START Information given

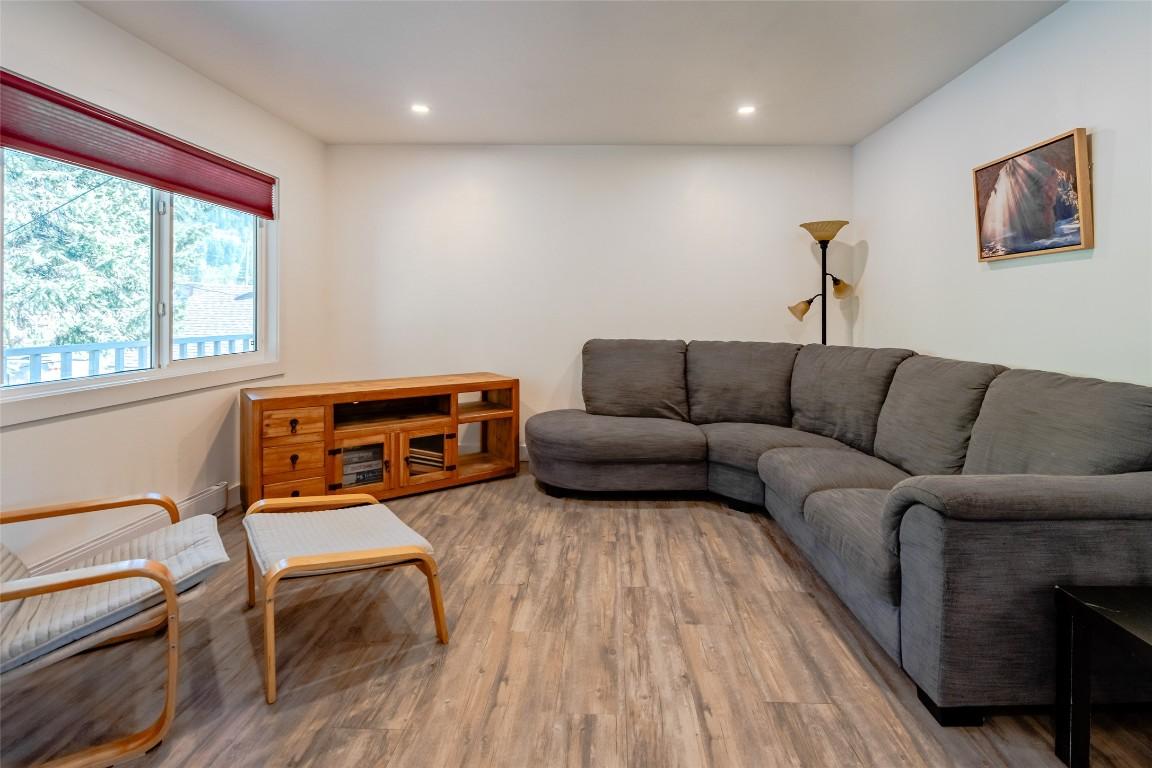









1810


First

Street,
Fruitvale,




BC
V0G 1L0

END Information given
START Information given

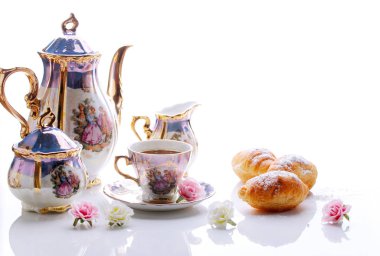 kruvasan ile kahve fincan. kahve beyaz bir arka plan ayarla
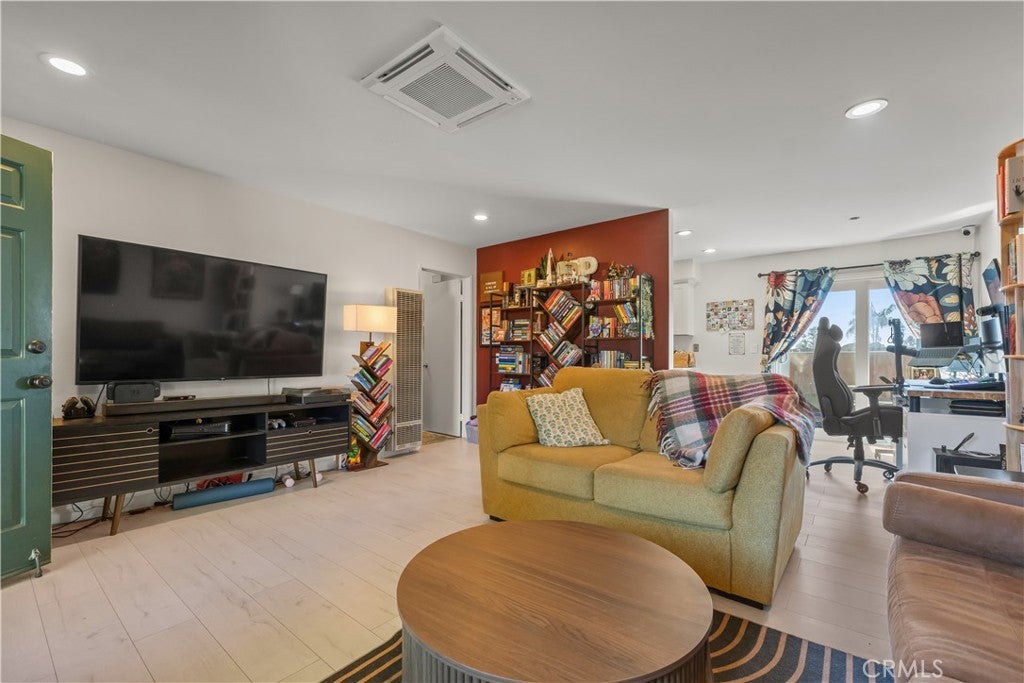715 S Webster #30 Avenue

END Information given
START Information given

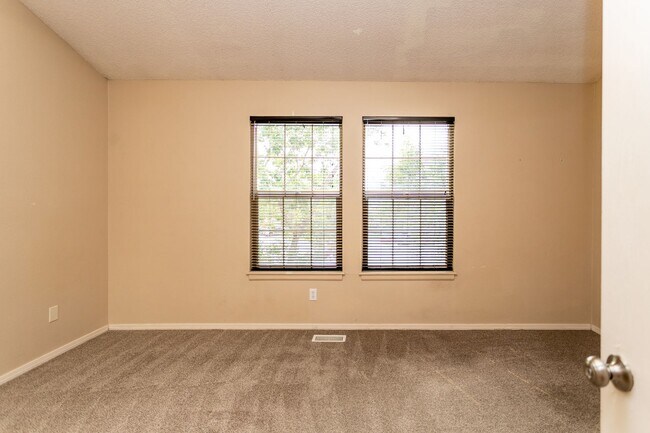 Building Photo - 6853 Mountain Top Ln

END Information given

* _Task_: What you need to produce is an exact copy of the entries above, limited to the lines from the one with "kruvasan ile kahve" up to and including the one with "715 S Webster #30 Avenue", without pictures.

* _Answer area_:
 kruvasan ile kahve fincan. kahve beyaz bir arka plan ayarla
715 S Webster #30 Avenue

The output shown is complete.